──────── Given records
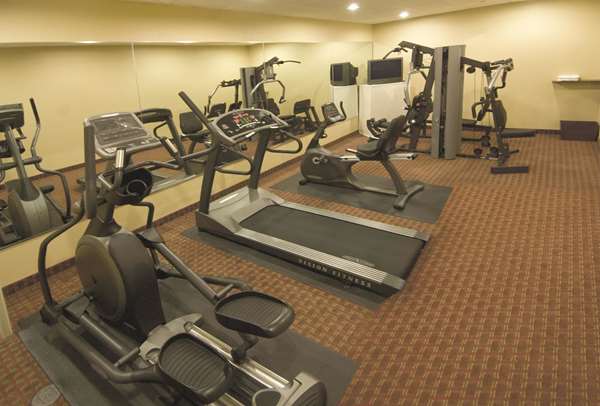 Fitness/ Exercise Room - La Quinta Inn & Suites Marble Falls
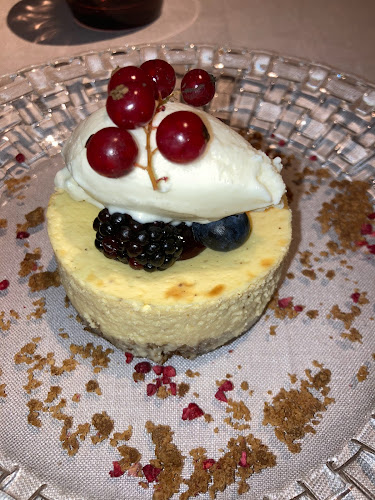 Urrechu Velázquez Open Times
────────────────
──────── Given records
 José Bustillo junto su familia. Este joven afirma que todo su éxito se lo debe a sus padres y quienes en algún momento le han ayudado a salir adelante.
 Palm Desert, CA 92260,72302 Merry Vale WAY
────────────────
> _Work to complete_
What you write must match the listing exactly, from the line with "Fitness/ Exercise Room" up to and including the line with "Urrechu Velázquez Open Times". Pictures stay out.

> _The completed task_
 Fitness/ Exercise Room - La Quinta Inn & Suites Marble Falls
 Urrechu Velázquez Open Times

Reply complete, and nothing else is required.